Task statement =
Read the lines of the data below and retrieve those with "Presentation".

:: Data in this exercise

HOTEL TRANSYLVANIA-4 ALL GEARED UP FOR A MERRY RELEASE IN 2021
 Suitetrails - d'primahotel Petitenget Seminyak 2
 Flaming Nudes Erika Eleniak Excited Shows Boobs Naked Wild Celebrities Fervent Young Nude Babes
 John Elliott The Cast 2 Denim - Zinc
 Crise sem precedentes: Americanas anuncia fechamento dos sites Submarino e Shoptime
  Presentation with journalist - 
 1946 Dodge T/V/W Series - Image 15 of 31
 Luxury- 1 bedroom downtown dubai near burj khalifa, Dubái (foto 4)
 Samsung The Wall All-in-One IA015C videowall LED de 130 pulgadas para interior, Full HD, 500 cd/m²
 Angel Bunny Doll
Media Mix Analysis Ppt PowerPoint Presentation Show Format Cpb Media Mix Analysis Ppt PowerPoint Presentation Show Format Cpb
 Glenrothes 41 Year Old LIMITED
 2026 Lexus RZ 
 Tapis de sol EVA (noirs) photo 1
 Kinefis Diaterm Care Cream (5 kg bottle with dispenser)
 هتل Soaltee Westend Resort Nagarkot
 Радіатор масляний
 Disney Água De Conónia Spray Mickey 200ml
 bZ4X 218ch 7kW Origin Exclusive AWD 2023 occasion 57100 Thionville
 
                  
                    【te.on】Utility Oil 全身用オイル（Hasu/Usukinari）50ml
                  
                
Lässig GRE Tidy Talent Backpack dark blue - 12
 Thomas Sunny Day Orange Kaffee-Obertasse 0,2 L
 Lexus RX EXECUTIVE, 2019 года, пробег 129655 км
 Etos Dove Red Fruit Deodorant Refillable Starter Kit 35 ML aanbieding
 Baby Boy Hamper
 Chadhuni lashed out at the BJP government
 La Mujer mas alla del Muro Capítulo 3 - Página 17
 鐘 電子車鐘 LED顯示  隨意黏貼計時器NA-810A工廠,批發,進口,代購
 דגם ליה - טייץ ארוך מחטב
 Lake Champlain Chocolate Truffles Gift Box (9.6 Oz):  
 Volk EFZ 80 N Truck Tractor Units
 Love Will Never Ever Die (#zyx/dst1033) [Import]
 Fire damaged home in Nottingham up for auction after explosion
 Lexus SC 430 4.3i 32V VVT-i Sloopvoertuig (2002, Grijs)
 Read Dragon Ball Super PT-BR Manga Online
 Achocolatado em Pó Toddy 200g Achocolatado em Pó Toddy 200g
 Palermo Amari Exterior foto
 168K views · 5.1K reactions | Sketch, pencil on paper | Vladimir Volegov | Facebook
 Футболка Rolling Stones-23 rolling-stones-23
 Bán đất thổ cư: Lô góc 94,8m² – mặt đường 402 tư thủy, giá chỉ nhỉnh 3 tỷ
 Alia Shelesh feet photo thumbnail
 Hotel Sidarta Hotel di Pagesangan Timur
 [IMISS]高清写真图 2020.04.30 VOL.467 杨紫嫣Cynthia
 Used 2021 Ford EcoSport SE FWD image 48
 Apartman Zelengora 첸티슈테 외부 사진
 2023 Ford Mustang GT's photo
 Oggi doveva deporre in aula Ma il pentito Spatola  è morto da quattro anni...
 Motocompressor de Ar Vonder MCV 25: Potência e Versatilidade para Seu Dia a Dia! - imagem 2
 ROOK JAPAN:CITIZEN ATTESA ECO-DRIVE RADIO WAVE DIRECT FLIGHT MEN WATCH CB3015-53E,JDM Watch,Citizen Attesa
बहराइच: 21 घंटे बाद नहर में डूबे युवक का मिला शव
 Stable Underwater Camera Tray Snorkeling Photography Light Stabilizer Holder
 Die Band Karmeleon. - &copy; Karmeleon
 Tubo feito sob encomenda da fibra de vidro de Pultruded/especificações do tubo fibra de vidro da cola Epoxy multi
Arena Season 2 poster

::::

Finished task =
  Presentation with journalist - 
Media Mix Analysis Ppt PowerPoint Presentation Show Format Cpb Media Mix Analysis Ppt PowerPoint Presentation Show Format Cpb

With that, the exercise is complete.